**WHAT IS EXPECTED:** Find the line holding "Fotocamera digitale Sony" in the entries below. Give it again exactly, along with every line after it up to and including the line holding "Boligen har hollandsk".

**MATERIAL TO PROCESS:**

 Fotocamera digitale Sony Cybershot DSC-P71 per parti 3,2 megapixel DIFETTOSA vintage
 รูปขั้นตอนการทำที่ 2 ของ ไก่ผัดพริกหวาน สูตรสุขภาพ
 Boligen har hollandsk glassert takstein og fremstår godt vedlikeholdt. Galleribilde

...

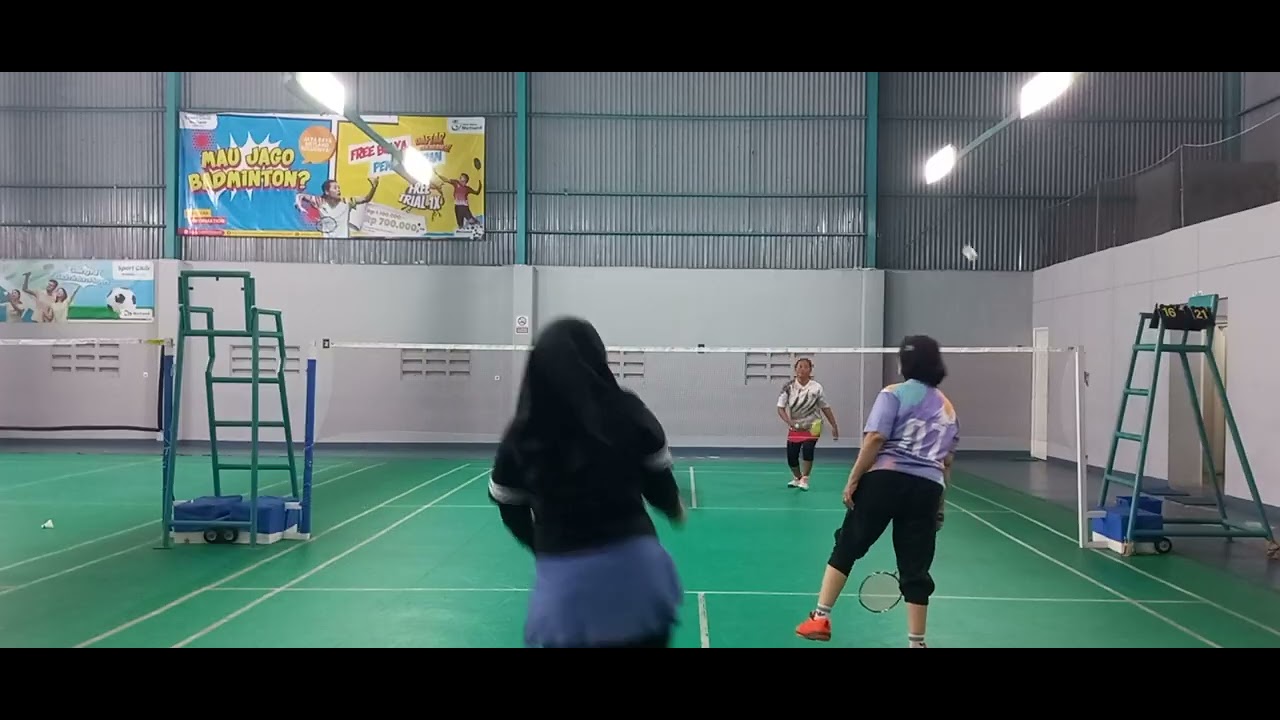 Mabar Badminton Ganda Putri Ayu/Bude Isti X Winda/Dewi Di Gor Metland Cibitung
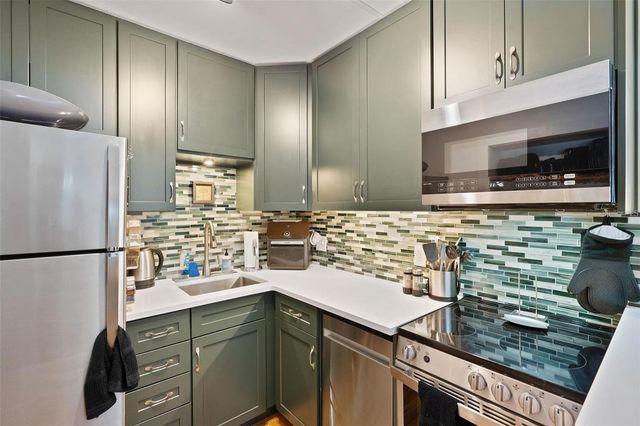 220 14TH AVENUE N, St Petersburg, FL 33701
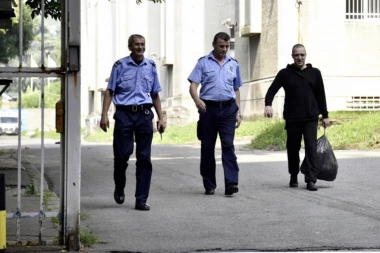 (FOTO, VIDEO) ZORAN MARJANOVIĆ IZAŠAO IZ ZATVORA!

**REPLY TO THE TASK:**
 Fotocamera digitale Sony Cybershot DSC-P71 per parti 3,2 megapixel DIFETTOSA vintage
 รูปขั้นตอนการทำที่ 2 ของ ไก่ผัดพริกหวาน สูตรสุขภาพ
 Boligen har hollandsk glassert takstein og fremstår godt vedlikeholdt. Galleribilde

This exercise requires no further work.